Files
Test_AI/benchmark/inference_engine.py
2026-01-20 10:54:30 +08:00

151 lines
4.4 KiB
Python

"""
TensorRT 推理引擎模块
"""
import time
import threading
import gc
from typing import Tuple, Optional, Dict, Any
from dataclasses import dataclass
import numpy as np
from .utils import setup_logging
logger = setup_logging()
def clear_gpu_memory():
"""强制清理 GPU 显存"""
import torch
gc.collect()
if torch.cuda.is_available():
torch.cuda.empty_cache()
torch.cuda.synchronize()
@dataclass
class InferenceTask:
"""推理任务"""
task_id: int
batch: np.ndarray
stream_id: int
start_time: float
end_time: float = 0.0
result: Optional[Any] = None
completed: bool = False
class TRTInferenceEngine:
"""TensorRT 推理引擎 - 使用 Ultralytics 封装"""
def __init__(self, engine_path: str, num_streams: int = 2, device_id: int = 0):
self.engine_path = engine_path
self.num_streams = num_streams
self.device_id = device_id
self._task_counter = 0
self._task_lock = threading.Lock()
self._tasks: Dict[int, InferenceTask] = {}
self.model = None
self._init_engine()
def _init_engine(self):
"""初始化推理引擎 - 使用 Ultralytics YOLO 加载 TensorRT engine"""
import torch
from ultralytics import YOLO
logger.info(f"加载 TensorRT Engine: {self.engine_path}")

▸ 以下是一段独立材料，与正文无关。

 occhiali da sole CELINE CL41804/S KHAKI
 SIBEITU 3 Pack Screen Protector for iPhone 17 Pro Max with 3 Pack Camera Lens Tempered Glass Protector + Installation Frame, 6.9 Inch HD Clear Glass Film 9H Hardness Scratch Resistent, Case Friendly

# Ultralytics 会自动处理其封装的 .engine 文件
self.model = YOLO(self.engine_path, task='detect')
# 预热
logger.info("预热推理引擎...")
dummy_input = np.random.randint(0, 255, (320, 320, 3), dtype=np.uint8)
_ = self.model.predict(dummy_input, verbose=False)
logger.info(f"TensorRT 引擎初始化完成 (Ultralytics 封装)")
def infer_async(self, batch: np.ndarray, stream_id: int = 0) -> int:
"""异步推理"""
with self._task_lock:
task_id = self._task_counter
self._task_counter += 1
task = InferenceTask(
task_id=task_id,
batch=batch,
stream_id=stream_id % self.num_streams,
start_time=time.perf_counter()
)
self._tasks[task_id] = task
self._infer(task)
return task_id
def _infer(self, task: InferenceTask):
"""执行推理"""
batch = task.batch
# batch 格式: (N, C, H, W), 值范围 0-1
# 需要转换为 Ultralytics 期望的格式
if batch.ndim == 4:
# 转换 NCHW -> NHWC 并缩放到 0-255
batch_nhwc = np.transpose(batch, (0, 2, 3, 1))
batch_uint8 = (batch_nhwc * 255).astype(np.uint8)
# 逐帧推理
results = []
for i in range(batch_uint8.shape[0]):
frame = batch_uint8[i]
result = self.model.predict(frame, verbose=False)
results.append(result)
task.result = results
else:
task.result = self.model.predict(batch, verbose=False)
task.end_time = time.perf_counter()
task.completed = True
def get_results(self, task_id: int, timeout: float = 10.0) -> Tuple[Any, float]:
"""获取推理结果"""
if task_id not in self._tasks:
raise ValueError(f"无效的任务 ID: {task_id}")
task = self._tasks[task_id]
start_wait = time.time()
while not task.completed:
if time.time() - start_wait > timeout:
raise TimeoutError(f"任务 {task_id} 超时")
time.sleep(0.001)
latency_ms = (task.end_time - task.start_time) * 1000
result = task.result
del self._tasks[task_id]
return result, latency_ms
def infer_sync(self, batch: np.ndarray) -> Tuple[Any, float]:
"""同步推理"""
task_id = self.infer_async(batch)
return self.get_results(task_id)
def synchronize(self, stream_id: Optional[int] = None):
"""同步 (兼容接口)"""
pass
def cleanup(self):
"""清理资源,释放显存"""
if self.model is not None:
del self.model
self.model = None
self._tasks.clear()
clear_gpu_memory()
logger.info("推理引擎资源已释放")